Life on the Run
Page 23
The card game continues until the plane lands in Oklahoma City. One of the four men in blue denim and white boots leaving the plane says to Pride: “You lost, boy!” Charley smiles at the comment from a member of his band. He wins the last hand, as he did most during the flight, and, with his manager, he leaves moving gracefully down the steps. The three band members wait below with a new man also dressed in a western suit and cowboy hat. Charley shakes the dignitary’s hand, and jumps into a white Cadillac limousine parked a few feet away. His manager and the band join him. Through the back window I see Charley laugh as the car pulls away.

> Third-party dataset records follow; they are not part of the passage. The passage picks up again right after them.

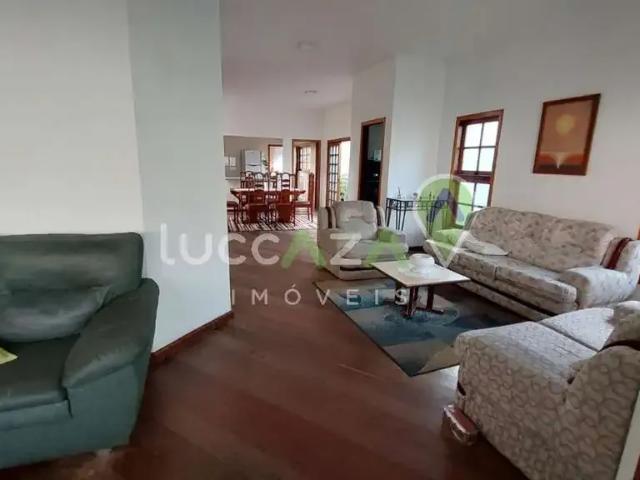 Casa / Sobrado Comercial para Locação em Jacareí/SP Centro 4 Quartos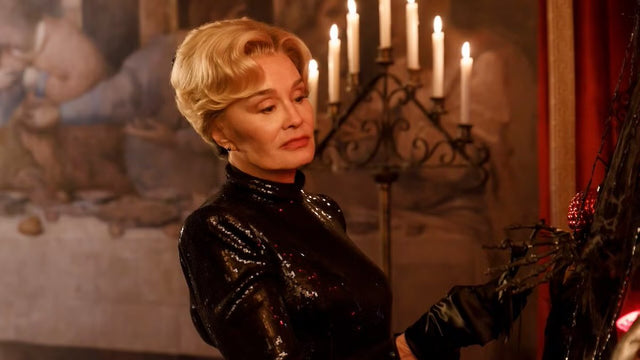Jessica Lange as Constance Langdon promotional still AHS 13
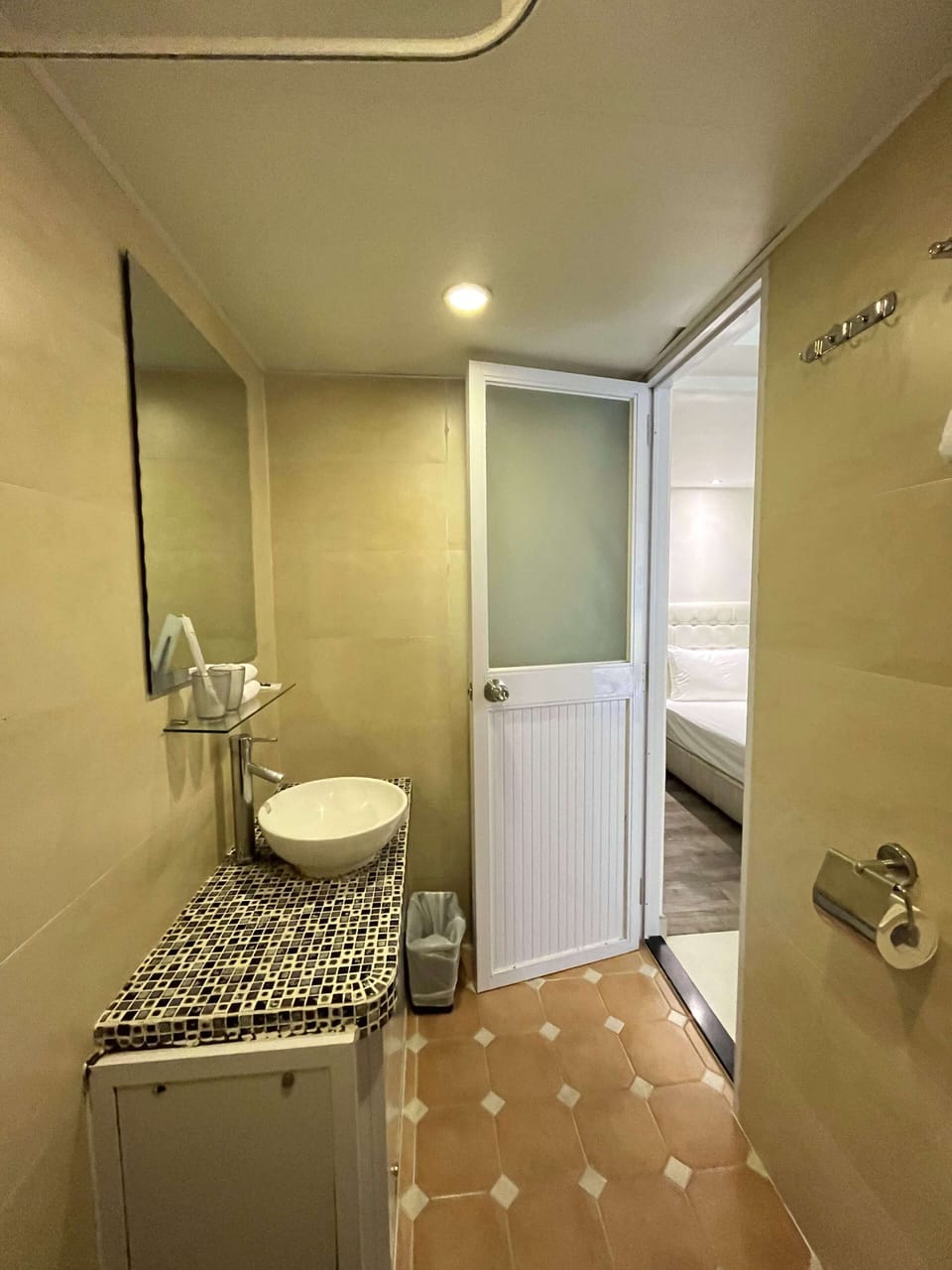 Shower, hair dryer, towels, shampoo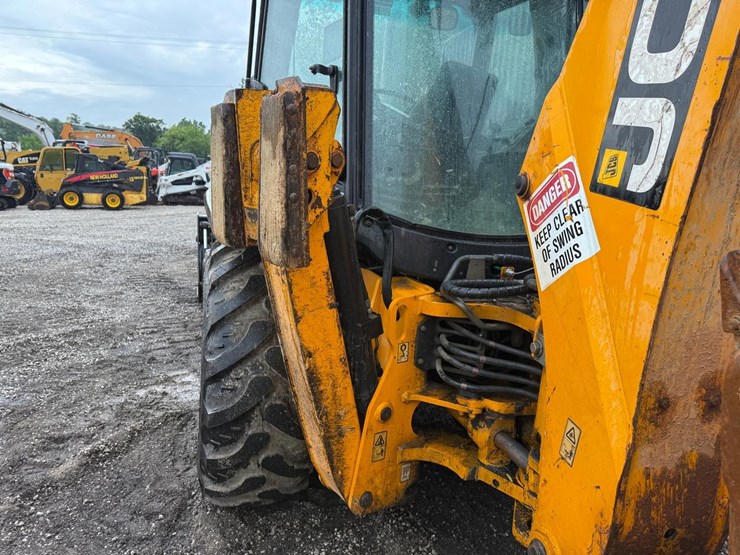 jcb-3cx14-image-18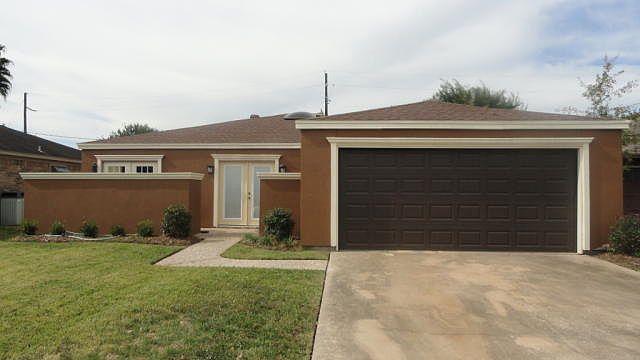 1st image of 2720 Mahan Dr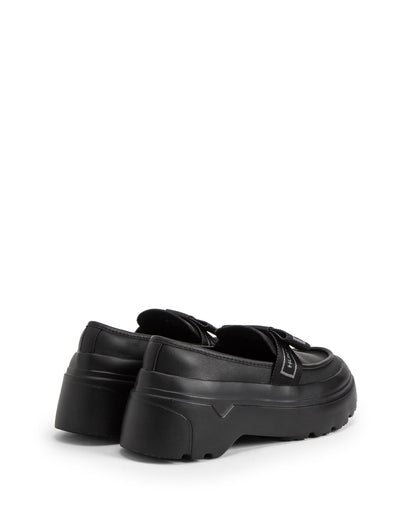 リファインド エクスプローラー フラットフォーム ボウ ローファー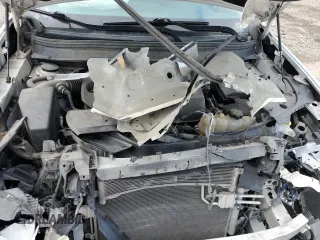 2020 Jeep Cherokee Latitude Plus with VIN 1C4PJLLBXLD561068, listed as a Copart auction lot 53815785 with 179,449 mi miles and Salvage title. Bid and sale history available at DreamBid. Image 11.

After arriving in Houston I have a shower, a massage at the University Club, and a nap. DeBusschere, Lucas, and I have dinner at the Marriott. Lucas tells us of another idea to strike it rich, though this one is on reserve until he can devote more time to it. “I’ve worked on it for five years,” he says. “If it hits, it’s all over. I use a simple mechanical principle to generate energy. It could be a source that would make nuclear energy unnecessary. You want to be on my Board of Directors?”
“How does it work?” Dave asks.
“Simple,” Luke says. “I get an incline which I graduate at a certain degree and shape it in the form of a circular track. Then I put a steel ball on that track and attach it to the center by way of a steel rod. The angle causes gravity to move the ball, creating friction, which is the source of energy. You get a big field somewhere in Illinois and build an enormous model and it’ll generate all the energy for a town—all the energy you’ll ever need.”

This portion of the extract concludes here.